The Andy Warhol Foundation for the Visual Arts has announced its Spring 2024 grantees. 49 visual arts organizations and cultural institutions from 19 states across the US, the District of Columbia, and one museum in South Africa will receive over $4 million to cultivate, present and uphold the diverse creative practices of artists. This round of grants supports the full range of visual arts organizations, from grassroots community centered spaces to storied cultural institutions.
“Artists are at the center of all of our grantmaking efforts; we seek to uplift organizations and institutions that consistently amplify artists’ voices and facilitate artists’ visions,” says Joel Wachs, President, The Andy Warhol Foundation for the Visual Arts, “The voices of artists keep our cultural conversations dynamic and evolving; their unique perspectives resist the stagnation that comes with polarization and suggest new ways of moving into and through turbulent times.”
Grantees receiving program support include small to mid-sized organizations that enable artists to pave their own creative paths and bring their visions to fruition. Some bolster artists’ practices through exhibitions, residencies, public art commissions, publications, and public symposia, while others, such as W.A.G.E., advocate for the value of their labor, developing systems for their equitable compensation.

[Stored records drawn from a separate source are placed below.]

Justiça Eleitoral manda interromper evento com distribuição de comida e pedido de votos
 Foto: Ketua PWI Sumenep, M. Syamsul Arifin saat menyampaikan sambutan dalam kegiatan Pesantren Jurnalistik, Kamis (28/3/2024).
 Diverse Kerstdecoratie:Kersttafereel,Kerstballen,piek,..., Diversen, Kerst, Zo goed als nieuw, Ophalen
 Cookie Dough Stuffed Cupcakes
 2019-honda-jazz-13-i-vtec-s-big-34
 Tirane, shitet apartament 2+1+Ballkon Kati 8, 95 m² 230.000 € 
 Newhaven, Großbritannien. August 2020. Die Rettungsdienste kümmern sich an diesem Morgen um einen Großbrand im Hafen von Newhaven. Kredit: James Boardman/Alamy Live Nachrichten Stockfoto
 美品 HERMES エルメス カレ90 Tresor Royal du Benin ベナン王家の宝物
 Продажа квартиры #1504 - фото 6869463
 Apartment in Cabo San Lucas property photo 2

Several new grantees foster cultural exchange and community interaction as an integral part of their programs. Donkey Mill Art Center (Hölualoa, HI) is committed to uplifting voices of Native Hawaiian, BIPOC and LGBTQ+ artists through its programs and to providing opportunities for exchange with local artists and members of the community. Open Source Gallery (Brooklyn, NY) presents site-specific contemporary art programming within a residential neighborhood, creating a unique and unconventional environment for artists to introduce their ideas to the public. San Francisco’s /(Slash) was founded by artists to support the city’s many independent curators, artists and writers, and its programs reflect the cultural and creative diversity of the region.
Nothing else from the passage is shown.